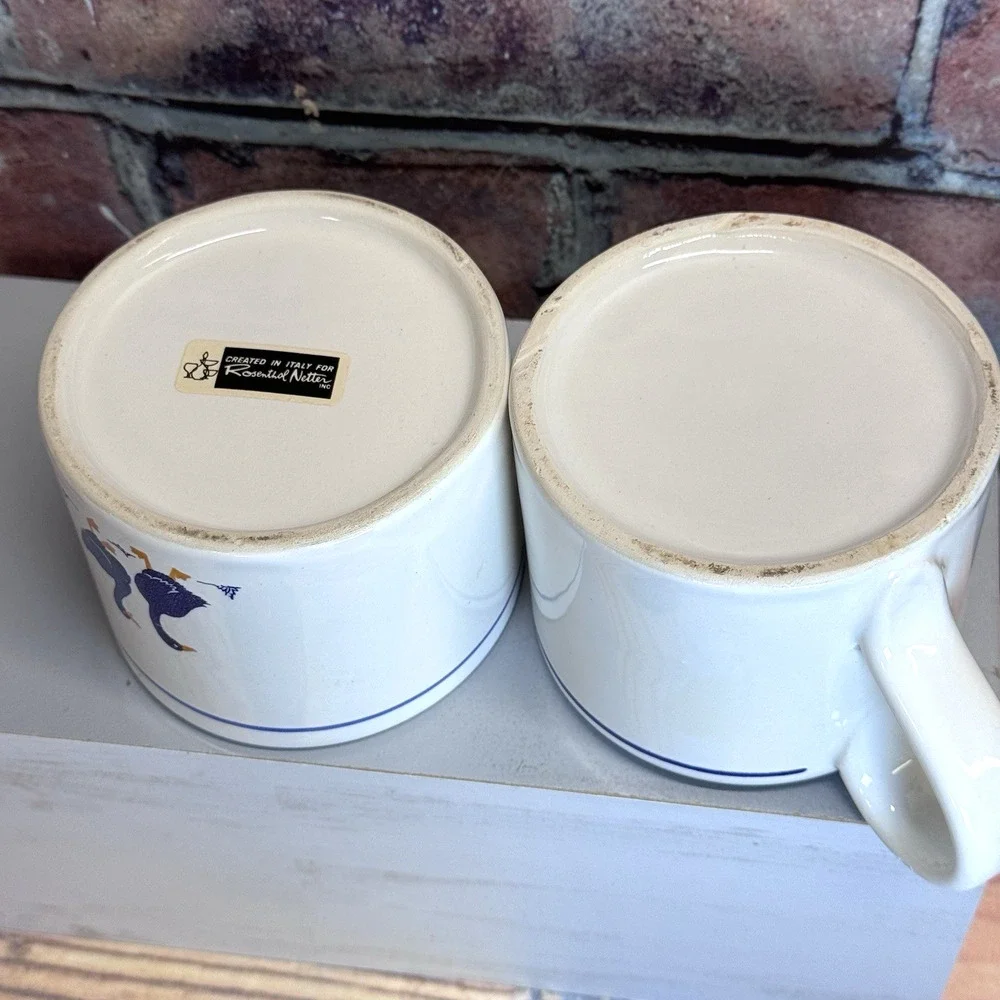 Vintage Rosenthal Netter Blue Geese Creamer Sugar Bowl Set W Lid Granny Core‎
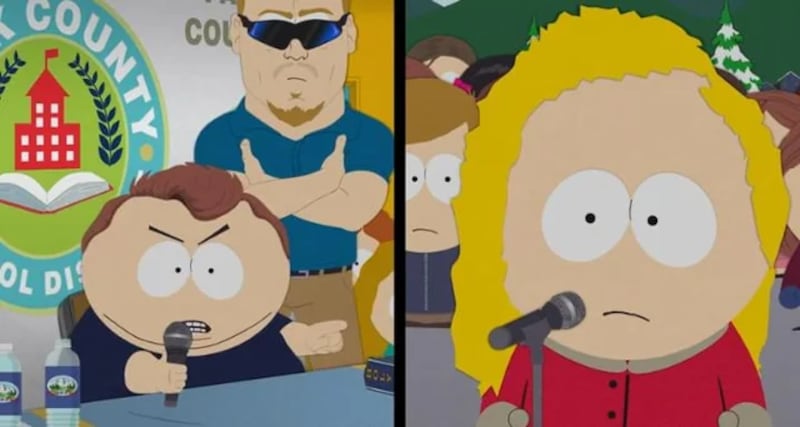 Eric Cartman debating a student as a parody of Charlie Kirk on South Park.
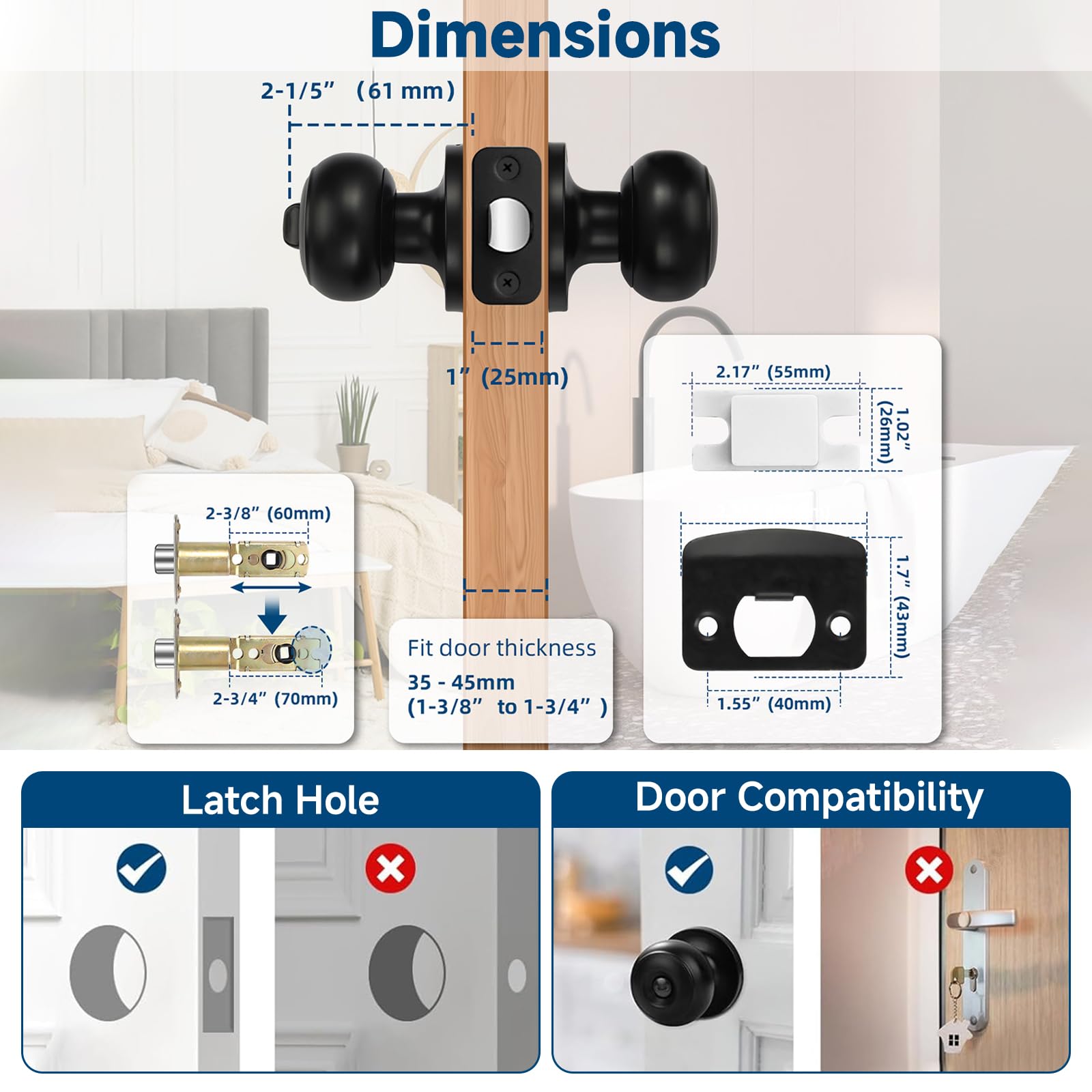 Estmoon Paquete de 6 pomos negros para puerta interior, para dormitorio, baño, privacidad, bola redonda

* [Exercise aim]:
In the copy, include no pictures; everything else in the material should be written out exactly.

* [Solution to the exercise]:
 Vintage Rosenthal Netter Blue Geese Creamer Sugar Bowl Set W Lid Granny Core‎
 Eric Cartman debating a student as a parody of Charlie Kirk on South Park.
 Estmoon Paquete de 6 pomos negros para puerta interior, para dormitorio, baño, privacidad, bola redonda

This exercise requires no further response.